Consistency Checking by Region Type
Geode performs different consistency checks depending on the type of region you have configured.
For a partitioned region, Geode maintains consistency by routing all updates on a given key to the Geode member that holds the primary copy of that key. That member holds a lock on the key while distributing updates to other members that host a copy of the key. Because all updates to a partitioned region are serialized on the primary Geode member, all members apply the updates in the same order and consistency is maintained at all times. See Understanding Partitioning.
For a replicated region, any member that hosts the region can update a key and distribute that update to other members without locking the key. It is possible that two members can update the same key at the same time (a concurrent update). It is also possible that, due to network latency, an update in one member is distributed to other members at a later time, after those members have already applied more recent updates to the key (an out-of-order update). By default, Geode members perform conflict checking before applying region updates in order to detect and consistently resolve concurrent and out-of-order updates. Conflict checking ensures that region data eventually becomes consistent on all members that host the region. The conflict checking behavior for replicated regions is summarized as follows:
- If two members update the same key at the same time, conflict checking ensures that all members eventually apply the same value, which is the value of one of the two concurrent updates.
- If a member receives an out-of-order update (an update that is received after one or more recent updates were applied), conflict checking ensures that the out-of-order update is discarded and not applied to the cache.
How Consistency Checking Works for Replicated Regions and How Destroy and Clear Operations Are Resolved provide more details about how Geode performs conflict checking when applying an update.

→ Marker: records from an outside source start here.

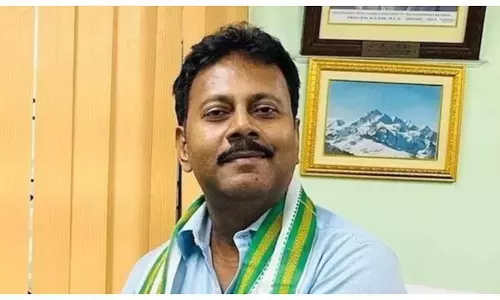 Kolkata Rape Case : हाईकोर्ट के इस आदेश को चुनौती देने पहुंचे पूर्व प्रिंसिपल संदीप घोष, जानिए क्या है मामला?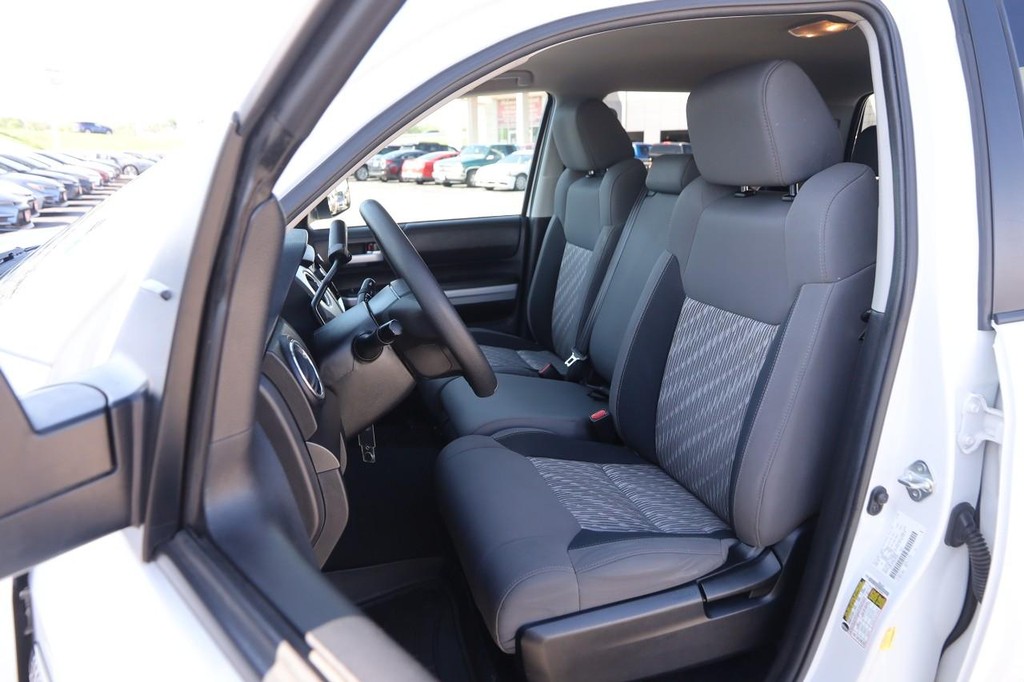 Toyota Tundra 4WD Vehicle Full-screen Gallery Image 8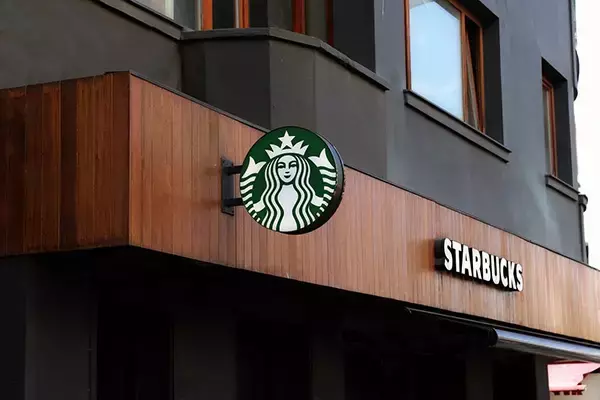 スタバのトイレで生まれた子供が分娩助けたバリスタに再会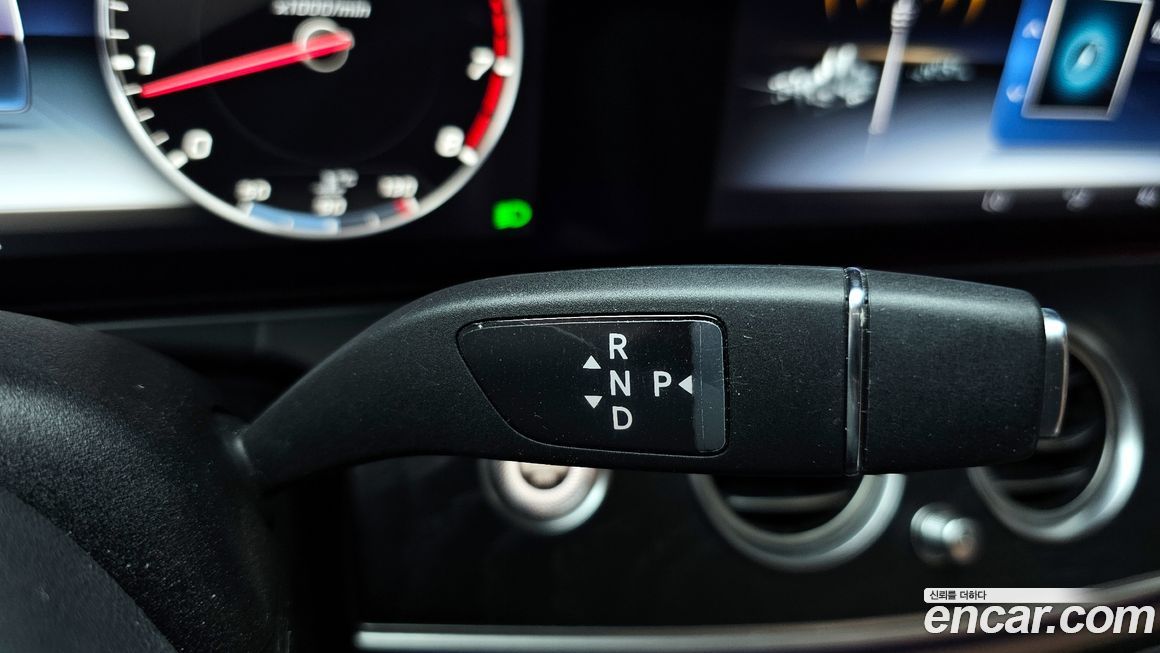 Mercedes-Benz E-Class 2020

When a member receives an update for an entry in a non-replicated region and applies an update, it performs conflict checking in the same way as for a replicated region. However, if the member initiates an operation on an entry that is not present in the region, it first passes that operation to a member that hosts a replicate. The member that hosts the replica generates and provides the version information necessary for subsequent conflict checking. See How Consistency Checking Works for Replicated Regions.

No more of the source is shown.